TASK MATERIAL ▸
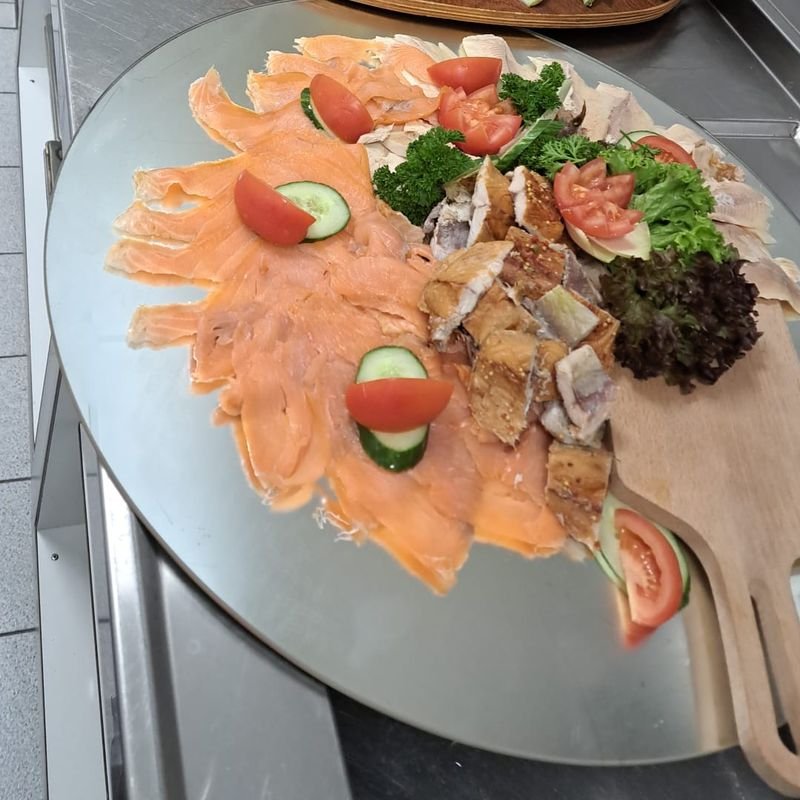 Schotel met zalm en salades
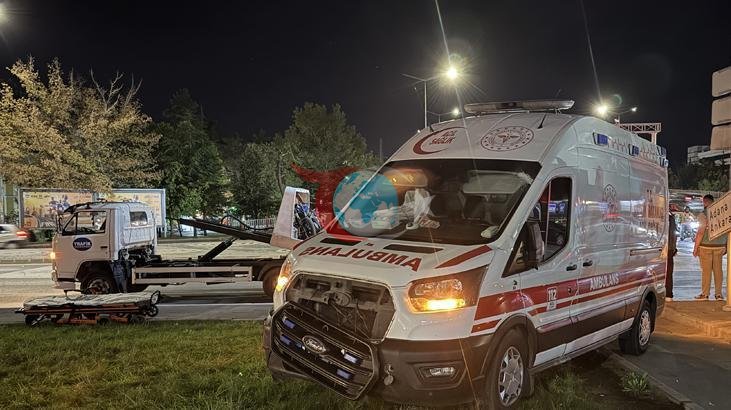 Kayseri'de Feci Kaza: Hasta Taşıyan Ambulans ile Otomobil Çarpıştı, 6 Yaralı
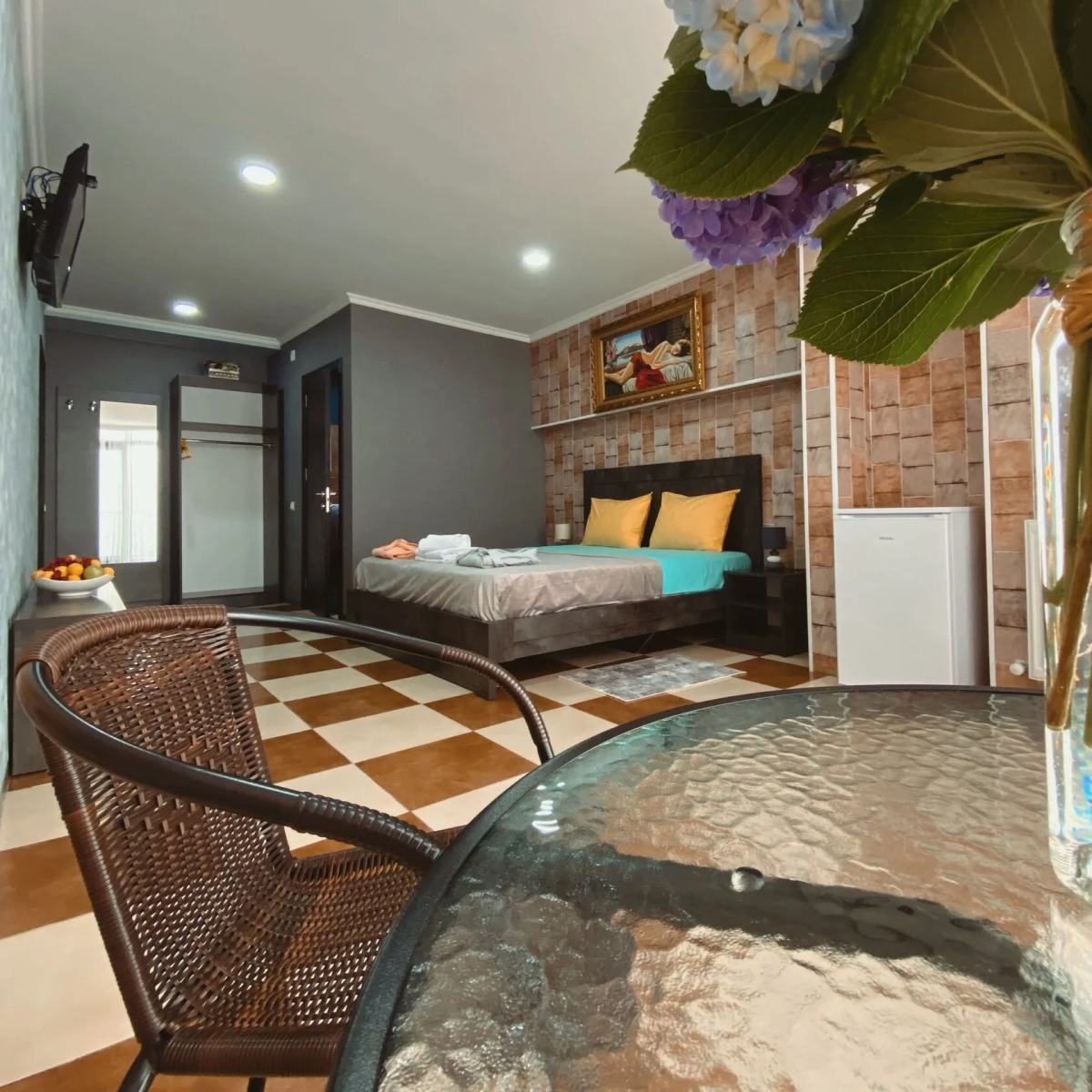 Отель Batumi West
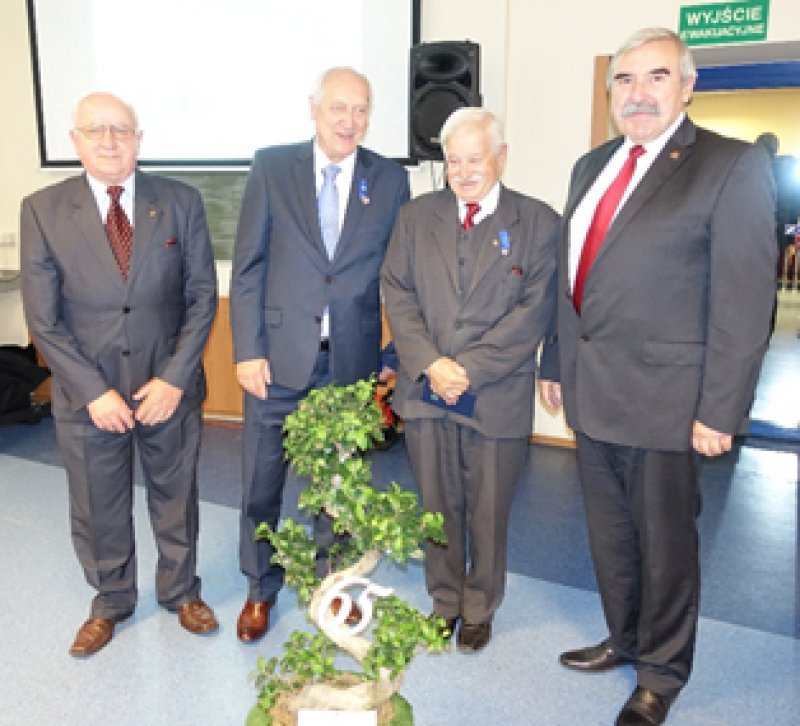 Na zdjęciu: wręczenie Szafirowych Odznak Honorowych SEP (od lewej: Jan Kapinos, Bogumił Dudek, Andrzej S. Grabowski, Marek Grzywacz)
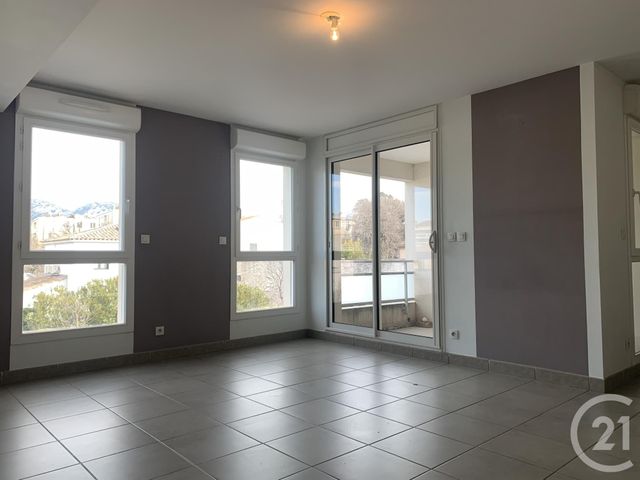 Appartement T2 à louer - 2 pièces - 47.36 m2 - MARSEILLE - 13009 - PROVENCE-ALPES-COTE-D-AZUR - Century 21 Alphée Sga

WHAT YOU NEED TO DO ▸ All records above must be output exactly as they stand, excluding pictures.

SOLVED PROBLEM ▸
 Schotel met zalm en salades
 Kayseri'de Feci Kaza: Hasta Taşıyan Ambulans ile Otomobil Çarpıştı, 6 Yaralı
 Отель Batumi West
 Na zdjęciu: wręczenie Szafirowych Odznak Honorowych SEP (od lewej: Jan Kapinos, Bogumił Dudek, Andrzej S. Grabowski, Marek Grzywacz)
 Appartement T2 à louer - 2 pièces - 47.36 m2 - MARSEILLE - 13009 - PROVENCE-ALPES-COTE-D-AZUR - Century 21 Alphée Sga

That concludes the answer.